§ Work instructions:
When you reach the line that holds "Фара задняя правая", start copying exactly and keep going through the final line of the data, leaving out pictures.

§ Dataset section:

|---|

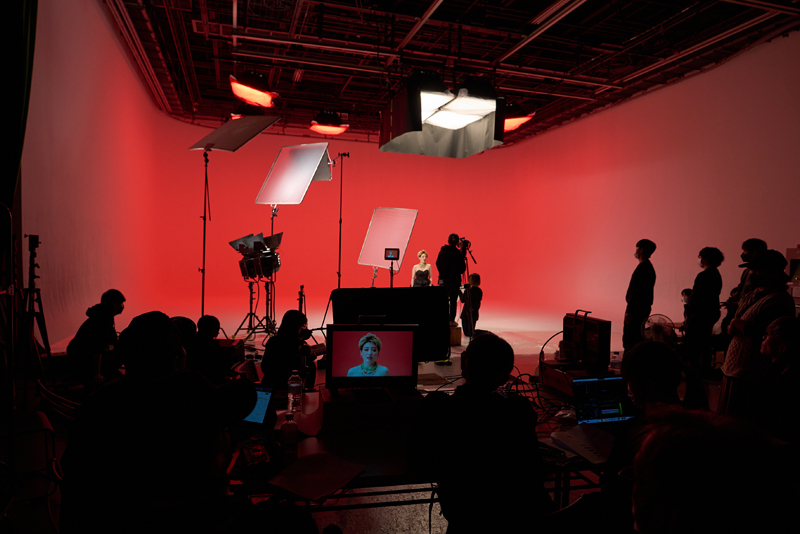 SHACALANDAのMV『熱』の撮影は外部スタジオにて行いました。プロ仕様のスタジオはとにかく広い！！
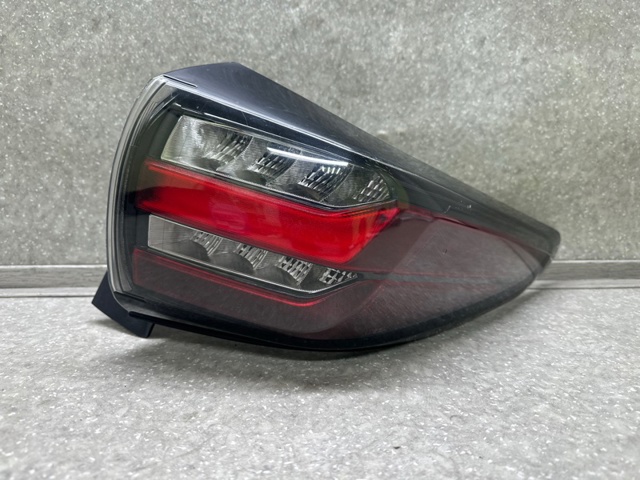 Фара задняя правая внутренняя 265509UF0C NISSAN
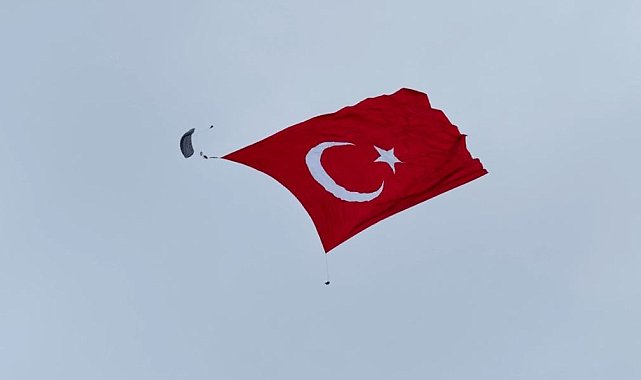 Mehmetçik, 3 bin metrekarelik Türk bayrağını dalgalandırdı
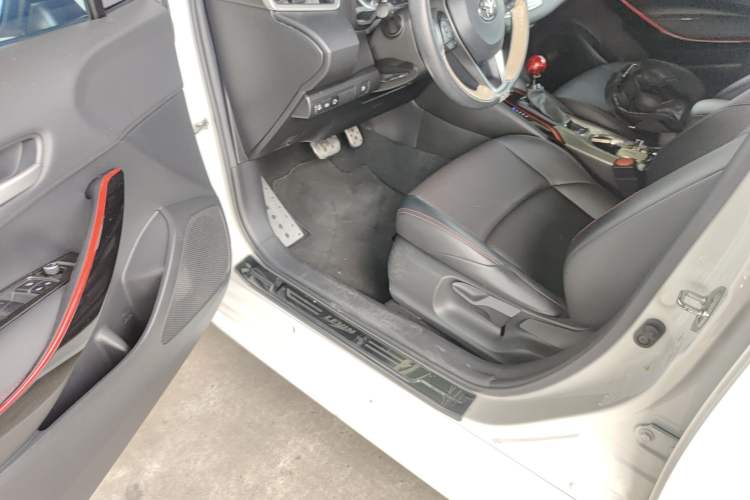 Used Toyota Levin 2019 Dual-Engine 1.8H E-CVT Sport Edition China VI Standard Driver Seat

|---|

§ Answer section:
 Фара задняя правая внутренняя 265509UF0C NISSAN
 Mehmetçik, 3 bin metrekarelik Türk bayrağını dalgalandırdı
 Used Toyota Levin 2019 Dual-Engine 1.8H E-CVT Sport Edition China VI Standard Driver Seat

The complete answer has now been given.